Kıbrıs müzakereleri Pazartesi günü İsviçre’nin Mont Pelerin kasabasına taşındı. Liderler, müzakereciler, iki tarafın müzakere heyetleri, iki tarafın müzakere mutfağı, iki tarafın ve ilgili ülkelerin medya mensupları İsviçre’de kampa girdi.

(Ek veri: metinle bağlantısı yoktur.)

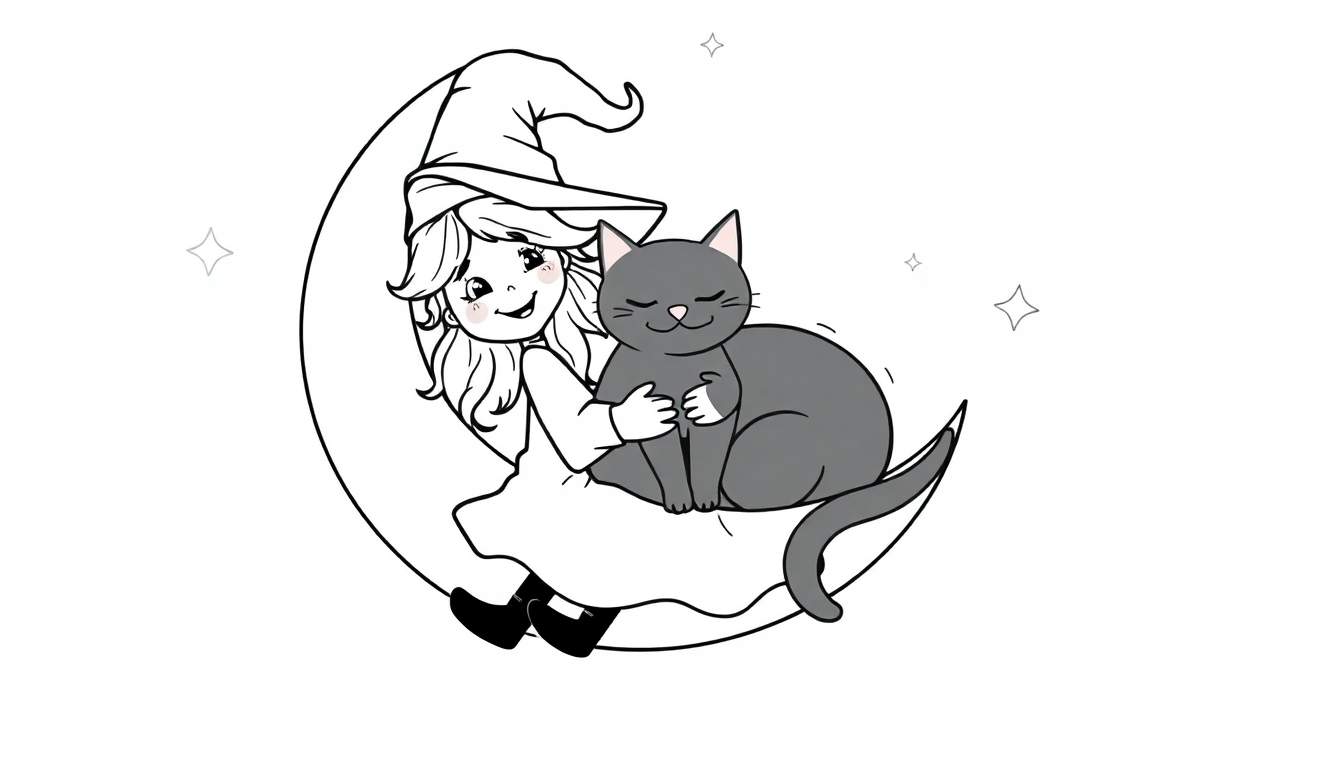 Placa de color de una brujita sonriente con su gato negro sentada en una luna creciente rodeada de estrellas.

Müzakereler 4 gündür devam ediyor. İki taraf arasında sıkı pazarlık yapılıyor. Çünkü artık al-ver aşamasındayız. Benim bu yazıyı kaleme aldığım dün akşam saatlerinde henüz net bir açıklama yoktu. Sadece önceki gece sözcülerin yaptığı açıklama vardı. İki sözcü ayrı ayrı yaptıkları açıklamada özetle “işlerin iyi gittiğini, henüz sonuca ulaşılamadığını, toprak kriterlerinin görüşüldüğünü, bu konuda iki müzakerecinin ayrı çalışarak ortak bir metin oluşturduğunu, bunun önceki metinler gibi ‘siyah, kırmızı ve mavi’ kalemle yazıldığını, ancak henüz ‘siyah’ kalemle yazılan herhangi bir şey olmadığını” anlattılar.

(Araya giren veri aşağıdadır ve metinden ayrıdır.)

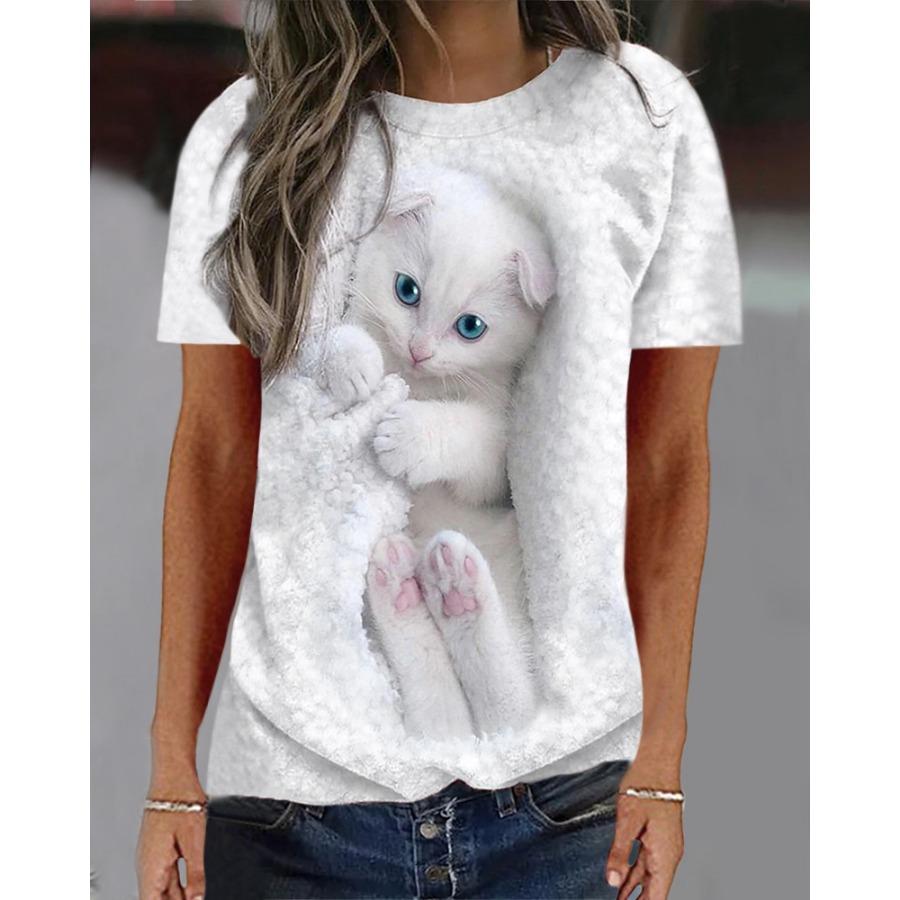 Letnie T-shirty Vintage Zwierzęcy Luźny Nadruk Bluzki Kobiety Krótki Rękaw Okrągły Dekolt Koszulki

Dün en kritik gündü. Liderler söz konusu ortak metindeki kırmızı ve mavi kalemle yazılanların çoğunu siyah kalemle yazmaya çalıştılar. Dediğim gibi müzakerelerin akşam seansı henüz tamamlanmadı. Bu nedenle ne aşamaya gelindiğini bilmiyorum.
Buna rağmen müzakerelerin bugün de aynı konuda devam edeceğini düşünüyorum. Sanırım bugün son nokta konulana kadar müzakereler non stop devam edecek.
* * *
Bu arada KKTC Başbakanı Hüseyin Özgürgün’ün İstanbul’dan yaptığı açıklamalar da bizim başbakanımızın neyin peşinde olduğunu göstermesi bakımından önemlidir.

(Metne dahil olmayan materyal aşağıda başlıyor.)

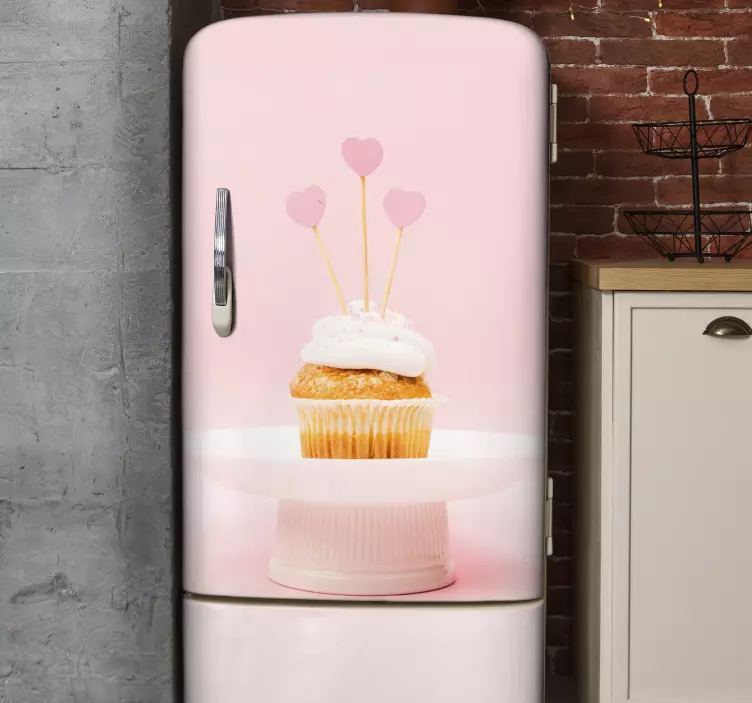 Cupcake genot koelkast sticker - TenStickers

Fuar alanında ayaküstü, ya da arabada oturarak 5 dk. görüştüğü Erdoğan’ın kendisine söylediklerini sanki Erdoğan’ın sözcüsü imiş gibi basına açıkladı. Özgürgün, Erdoğan’ın kendisine “Ben Kıbrıs’a geldiğim zaman Güzelyurt verilmez demiştim, demek ki verilmez” dediğini anlattı. Ayrıca “Toprağın %30 olması gerektiğini, güvenlik ve garantileri de görüşmeyeceğini, ama toprakta anlaşılırsa görüşebileceğini” söylediğini aktardı.
Söyleyen TC Cumhurbaşkanı.
Basına aktaran KKTC Başbakanı.
Erdoğan eğer bu konuda açıklama yapmak isterse kendi yapamaz mıydı? Elbette yapardı. Demek ki KKTC Cumhurbaşkanı Akıncı’yı ve müzakere heyetini zora sokmamak için bu konuda herhangi bir açıklama yapmadı. Bu konudaki düşüncelerini özel görüşmede Özgürgün’e söyledi.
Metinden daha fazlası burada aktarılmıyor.